Por outro lado, num mundo cada vez mais envolto nas teias do ideário neo-liberal (para os menos avisados, vide p. ex. o programa "Iniciativa" da RTP2, com o apoio do IQF e a sua apologia do "empreendedor" importação do "entrepeneur") é interessante ver como cada vez mais gente concorda de que a lei da selva não é um princípio universal, e muito menos um princípio universal.
Uma vez, no final de um jantar o Juan Manuel Vicent disse-me algo como "Isto não é inocente. É um combate entre nós e eles, para demonstrar que ao contrário do que eles dizem a História não apenas assim, nem tem apenas os seus princípios".
A frase está obviamente ligada a um marxismo evidente, com cunhos de leninismo (a figura "deles" - o inimigo). Aliás, penso que devido a este cunho leninista, houve uma especial preocupação numa dominância da visão marxista, com laivos de um totalitarismo, que não deixa de ser interessante e que é coerente com a visão de combate. Ainda para mais quando a própria visão marxista possui muito de evolucionista, o que daria uma interessante conversa sobre o que é a visão de Marx e a sua figura, num dos temas que mais aprecio e que trata de como nenhuma figura escapa às vicissitudes da sua época, mas isso é uma outra longa conversa.
Na sociedade do bem-estar é difícil não acreditar em conceitos como progresso e evolução. Quando os pais se preocupam por deixar um legado melhor aos seus filhos e a qualidade de vida cresce.
Em tempos à beira de crise, como são estes em que vivemos, advinha-se que quando vierem tempos piores, viram também outras visões, nos quais o conceito de progresso será claramente posto em causa. Dir-se-á então que o progresso não é continuo. Que varia num movimento pendular, feito de avanços e recuos.
De um teclado, em frente a um ecrã de computador declaro que não acredito em progresso, nem em evolução.
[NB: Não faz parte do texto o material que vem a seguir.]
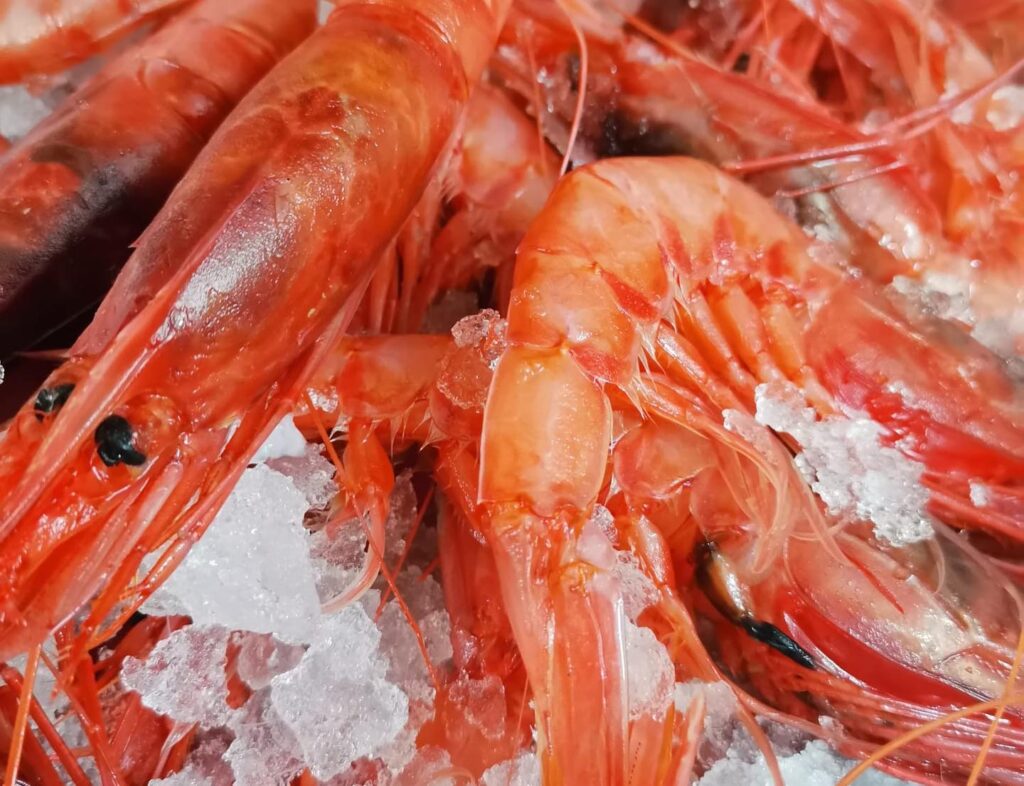 SnapInsta.to_652760541_18093521401858609_2777257273282872120_n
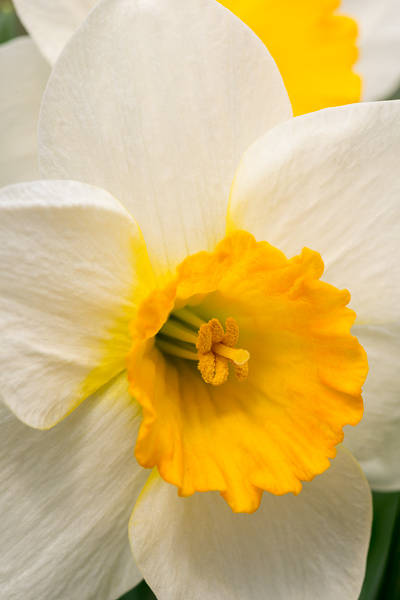 Bloom;Blossom;Blossoms;Botanical;Calm;Close-up;Daffodil;Flora;Floral;Floret;Floweret;Flowering;Flowers;Flowers & Plants;Healing;Health care;Healthcare;Image type;Macro;Minimalism;Nature;Pastoral;Petal;Petals;Photo specs;Plant;Stamen;Yellow;bloom;botanicals;flora;floral;flower;oneness;orange;peaceful;plants;restful;serene;soothing;tranquil;vegetation;zen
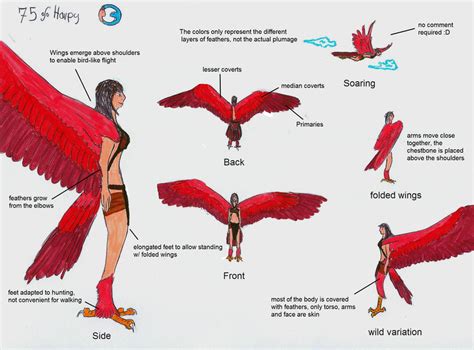 Harpy Anatomy Tutorial By Aerophoinix On Deviantart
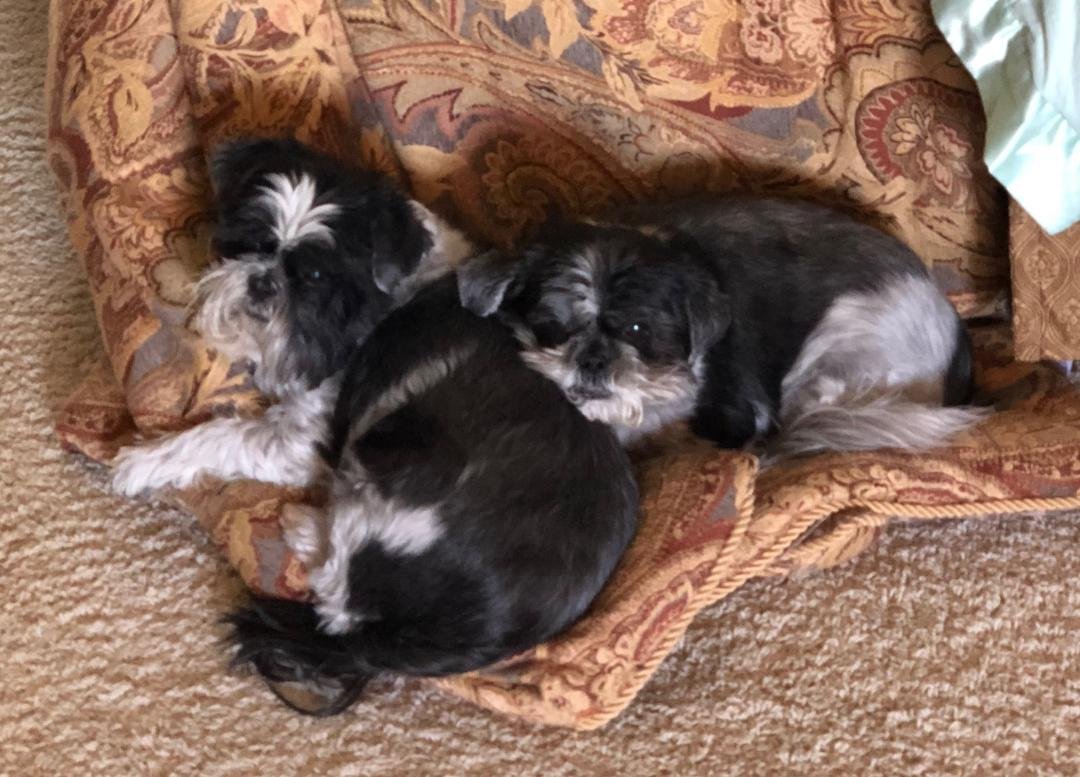 We had to put our precious Bentley down today (he's on the left in photo). We are heartbroken😢 He gave us incredible joy for 15 years. He would have been 15 years old tomorrow. Thankfully, we still have Bailey for now.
De todo.
É verdade que nunca tivemos tantos meios à nossa disposição (e eu que adoro chips, adoro também esta proliferação de tecnologias e meios), mas não acredito que isso nos torne melhores.
Não acredito que sejamos uns privilegiados. Aliás, sobre esta noção remeto para o brilhante artigo do Rui Borges, publicada no Público de Sábado passado (29/4/2006) "Socorro, somos todos privilegiados". Os privilegiados não são aqueles que não passam fome, ou que não têm horários de trabalho de 14 horas semanais. Os que estão nestas condições são os carenciados (o que vai dar à crónica da Helena Matos, que está mesmo ao lado da do Rui Borges, na mesma edição). Nós quanto muito seremos os remediados, a quem os verdadeiros privilegiados acusam de, imagine-se, privilégio, procurando novos modos de escravatura. Porque não nos enganemos, hipotecar uma vida de trabalho é um modo de escravatura perante outrem. E se é verdade que seremos sempre escravos de algo e de outros, é bom que pensemos perante quem nos estamos a escravizar. Será um dos últimos privilégios dos remediados.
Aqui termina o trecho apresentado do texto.